Much interest has also centred on the actor selected to play the teenage Ice Cube - Jackson's own 24-year-old son O'Shea Jr. Jr sports an 80s jheri curl haircut and Cube's signature scowl in the movie.
"I know him inside and out," insists Jackson Jr. "A lot of people have the scowl but I feel i have a better understanding of what's behind the scowl than most.
"There was two years of auditioning before I got the role and I couldn't be happier."
His father agrees: "I wanted him to earn it. I wasn't going to just give it to him, he had to earn it. That way, I knew his performance, his commitment was up to par."
Another pivotal role in the film is that of the group's founding member Eric "Easy-E" Wright.
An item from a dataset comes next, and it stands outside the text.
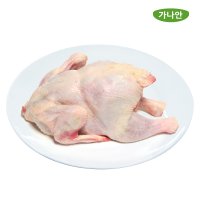 가나안식품 삼계탕용 생닭 영계 특대 600g 1마리 외 1종 백숙 통닭구이 개별 진공포장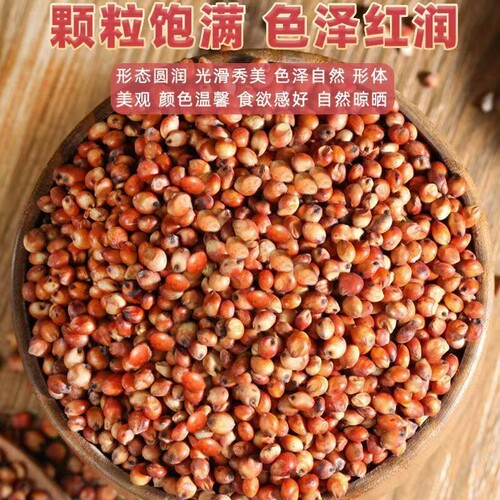 新货红高粱糯高粱带皮酿酒磨面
A former hustler and drug dealer, he put up the money to record the debut album and it was his company Ruthless Records which managed the band.
In 1995, he died aged 31 from Aids and is played in the film by New Orleans actor Jason Mitchell.
"It's a huge misconception about Easy that he was just a ruthless character, that he was just this drug dealer who got lucky.
"He was a huge personality and he was a marketing genius. A lot of those things that were in his own personality he put out to the world and made money because he knew what people wanted to see. But he really cared about his brothers and that's what this film is about - brotherhood.
"It was what Eric Wright felt, not Easy-E as everybody knows him."
The album, on which the film is based, was released in 1988, almost 30 years ago. The area of Compton may be different now thanks to a huge amount of urban regeneration but its themes remain as relevant as ever, a year on from the police shooting of a black teenager in Ferguson, Missouri, and a recent a number of high-profile shootings of unarmed black men in US cities.
"I think it's honest," says Ice Cube. "The record was raw, the songs are a snapshot of life how we were experiencing it in the late 80s and people can feel that and can understand, coming from a rough neighbourhood going through rough things but trying to come out on top.
"Its an underdog story that I think everybody respects because everybody feels like they're an underdog to some extent. Especially with songs like F-the police, a lot of people want to speak their frustrations, the song can be their weapon, rather than a real weapon.
So, a lot of people were feeling what we were going through and could just identify with it."
Straight Outta Compton is in UK cinemas now.